Hard drives in general have low failure rates, but they fail. Never trust a hard drive(or any form of data storage), always have a backup. /Thread


----------



## R-T-B (Jul 24, 2021)

lexluthermiester said:


> I've never seen any major issues with their data.


Really?  The fact that they deploy more Seagate than any other brand does not bother you from a sample size perspective?

The fact that they use client drives in environments unsuitable for said drives does not bother you?

That's just scratching the surface.



lexluthermiester said:


> Because of course you would. But Ok, got any *other* data that is publicly available that shows usage and failure rates of such a large number of drives we can cite?


PugetSystems deals with a lot of drives.  I'll dig it up, a moment.









						What is the most reliable hardware in our Puget Systems workstations?
					

Here at Puget Systems, our goal is not only to provide the fastest workstations possible, but the most reliable as well. As a part of our constant drive to offer only the highest quality components possible, we track and regularly review the failure rates for each part we carry. Today, we want...




					www.pugetsystems.com
				




Mind you, their data seems to be opaque, and it only shows WDD, which was the winner in 2019 stats for them.  It's thus also flawed.  Still, it does establish a bit of a trend.

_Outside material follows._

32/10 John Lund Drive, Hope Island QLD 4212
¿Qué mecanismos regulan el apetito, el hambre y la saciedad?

But that wasn't really my initial point, which in the thread that started this, which was that bad data is not a valid basis on which to make ANY kind of generalized trend or accusation claim.  Just because it's the only data does not make it good.  Ancedotes are also not good.  They can maybe help you guess but you can't make any hard claims on them.


----------



## lexluthermiester (Jul 25, 2021)

R-T-B said:


> Really? The fact that they deploy more Seagate than any other brand does not bother you from a sample size perspective?

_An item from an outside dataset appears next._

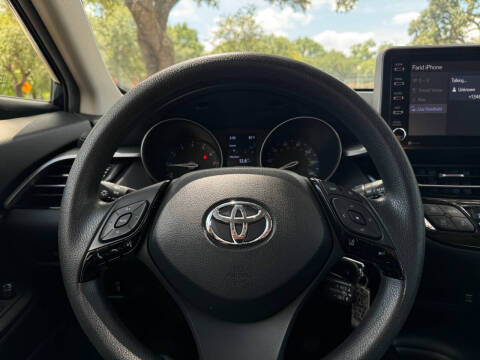 2021 Toyota C-HR XLE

No. They show the failure rates based on drive model, not by manufacturer.


R-T-B said:


> The fact that they use client drives in environments unsuitable for said drives does not bother you?


No. Who defines "environmental suitability"? You? In drive racks, the drives are kept cool by way of very powerful and very LOUD fans. Cooling is not an issue, nor is power delivery. So we can rule out those two problems as sources for inducing potential failure. So the statement of "environments unsuitable for said drives" is completely opinion and that's all it is. The merit of use-case suitability is not a factor in the numbers subject to question.


R-T-B said:


> That's just scratching the surface.


Oh please, do continue.


R-T-B said:


> which was that bad data is not a valid basis on which to make ANY kind of generalized trend or accusation claim


But calling it bad data is a matter of opinion. So far that's all that is being offered, opinion. BackBlaze offers data and numbers in good faith to show the performance of the drives they use. The data appears to be factual and as such you have little to no basis to claim the data has no merit or is not valid. Unless you are going to call them liars. Is that what you are doing?


----------



## R-T-B (Jul 25, 2021)

lexluthermiester said:


> They show the failure rates based on drive model, not by manufacturer.

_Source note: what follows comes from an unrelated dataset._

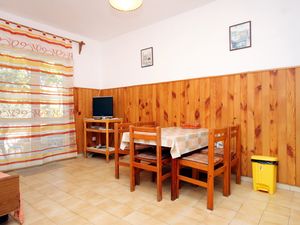 23926127-Ferienwohnung-5-Žrnovo-300x225-3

And the quantities listed in their samples?  Certain drives have dozens, others thousands.  This does not bother you?

I suggest you really take a hard look at the tables provided.



lexluthermiester said:


> In drive racks, the drives are kept cool by way of very powerful and very LOUD fans.


At Backblaze?  No, not really.  They use consumer drive enclosures IIRC.  Everything about them is designed to minimize costs (hence not enterprise drives).  

Not that it matters, it's far more than temps that differ in this usage case.



lexluthermiester said:


> Unless you are going to call them liars. Is that what you are doing?


I'm not appreciating you putting words in my mouth.  It's their own data claims of methodology that bother me, so I'm obviously trusting their data.


----------



## hat (Jul 25, 2021)

newtekie1 said:


> This discussion has been hashed out several times now, basically every time someone brings up Backblaze's data.
> 
> The fact is their data is a marketing tool for them, but it has no usefulness for average consumers of hard drives that run them in a single drive configuration.  And their data isn't even really that accurate, as they have said they leave out models that have 100% failure rates in their environment.
> 
> Hard drives in general have low failure rates, but they fail. Never trust a hard drive(or any form of data storage), always have a backup. /Thread


You win an internet.

Got data that you don't want to have disappear overnight? Back it up. Even the most reliable things can and will break down on somebody... if you don't want it to be you, have a plan.


----------



## lexluthermiester (Jul 25, 2021)

R-T-B said:


> This does not bother you?


No. Why should it? The individual drive percentages are properly represented within the context of their own performance. How do you fail to understand that given the data shared?


R-T-B said:


> I suggest you really take a hard look at the tables provided.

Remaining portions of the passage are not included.